After experiencing a 12 hour network outage that made the evening news, one carrier learned how Tektronix Communications’ solutions can identify the root cause and prevent it happening again.
80 percent of network node failures in the core are caused by human change control errors.
Network outages are always a concern, but when they last 12 hours and become a news event, the cost to a carrier’s reputation and bottom line grows exponentially. This was the challenge facing our customer, a carrier who experienced a large area outage due to a “routine” software change to a network router.
The software change was conducted during the late night “maintenance window,” to minimize the impact on customers. During the change, the carrier’s data engineer made a keystroke error in a router located at a key distribution point in the network. Network equipment key performance indicators, however, did not reflect any trouble.

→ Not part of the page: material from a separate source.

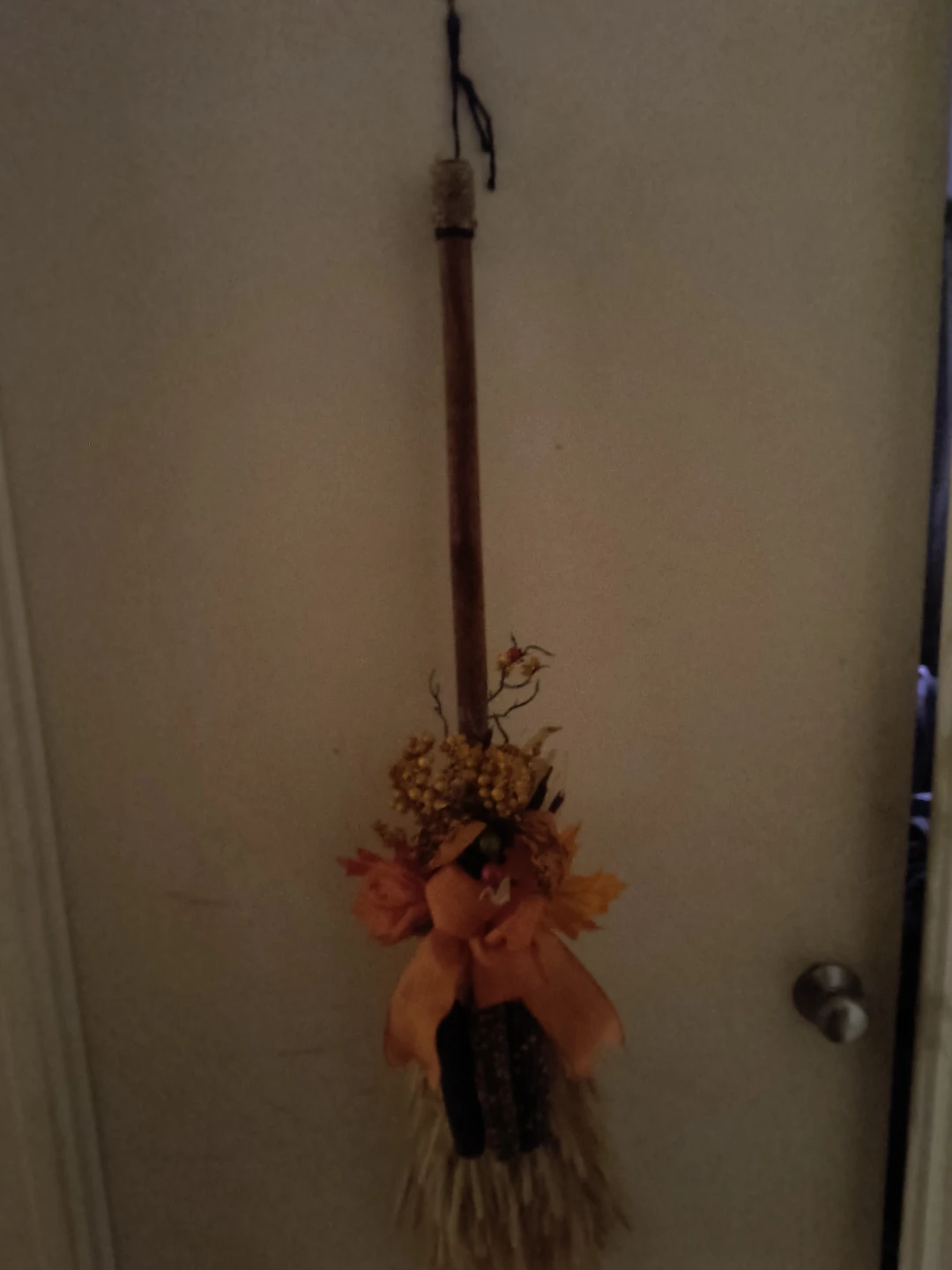 Decorative Fall Broom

By 8:00 a.m., customers were unable to access the internet or any data services. The outage made the news that evening. The carrier determined the network outage was related to the router upgrade. After backing out the changes they were able to restore the network later that day. In total, customers were without data connectivity for 12.5 hours.
The carrier performed a two day root cause analysis to learn from the incident. They attributed the problem to an error in the provider edge (PE) router, which was blocking critical traffic. The PE router serves as the main link between the carrier’s network distribution sites across the area.

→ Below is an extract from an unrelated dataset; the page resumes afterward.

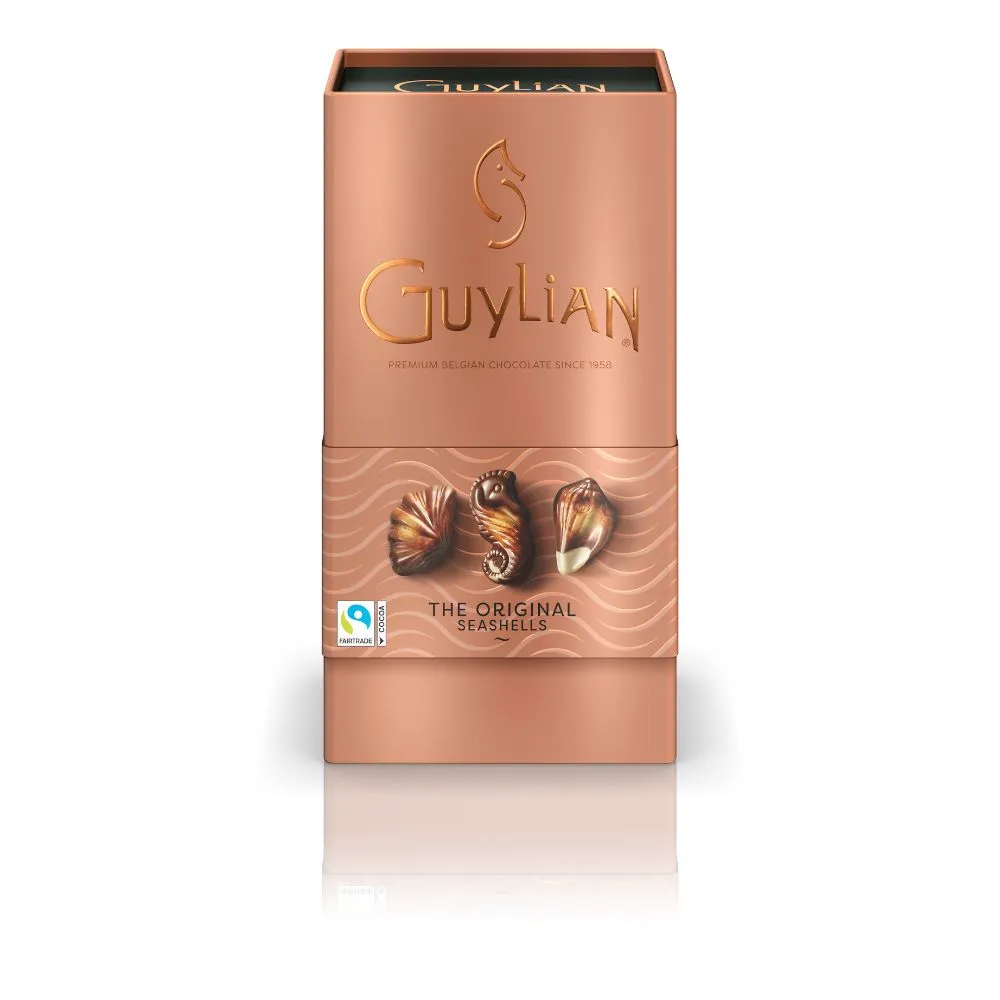 Guylian Seashell OrgMilk Hazel Praline Gift Box DF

With the goal of avoiding an outage like this in the future, the carrier reached out to Tektronix Communications for information on their core network solutions. Tektronix Communications was able to show the power of the solution, and how it would have alerted the operator to the router issue almost immediately.
One minute after the software upgrade, the solution reported a 96% Create Data Session failure rate (see figure 1) and a massive spike in data latency (see figure 2) for network subscribers. Had the carrier implemented the Tektronix Communications solution, they could have corrected the router issue before it became a newsworthy event.
Figure 1: Create data session failure rate
Figure 2: Data latency
I didn’t know I had this type of fault isolation capability right in front of me, and that is so easy to use. Carrier data engineer
Network outages are often caused by human error. Unfortunately, many network errors go undetected by standard network equipment KPIs. Tektronix Communications performance troubleshooting suite provides a higher level of KPI granularity than any other solution in the industry, right down to one-minute increments. This type of detailed reporting can help operators detect issues before they lead to major network problems.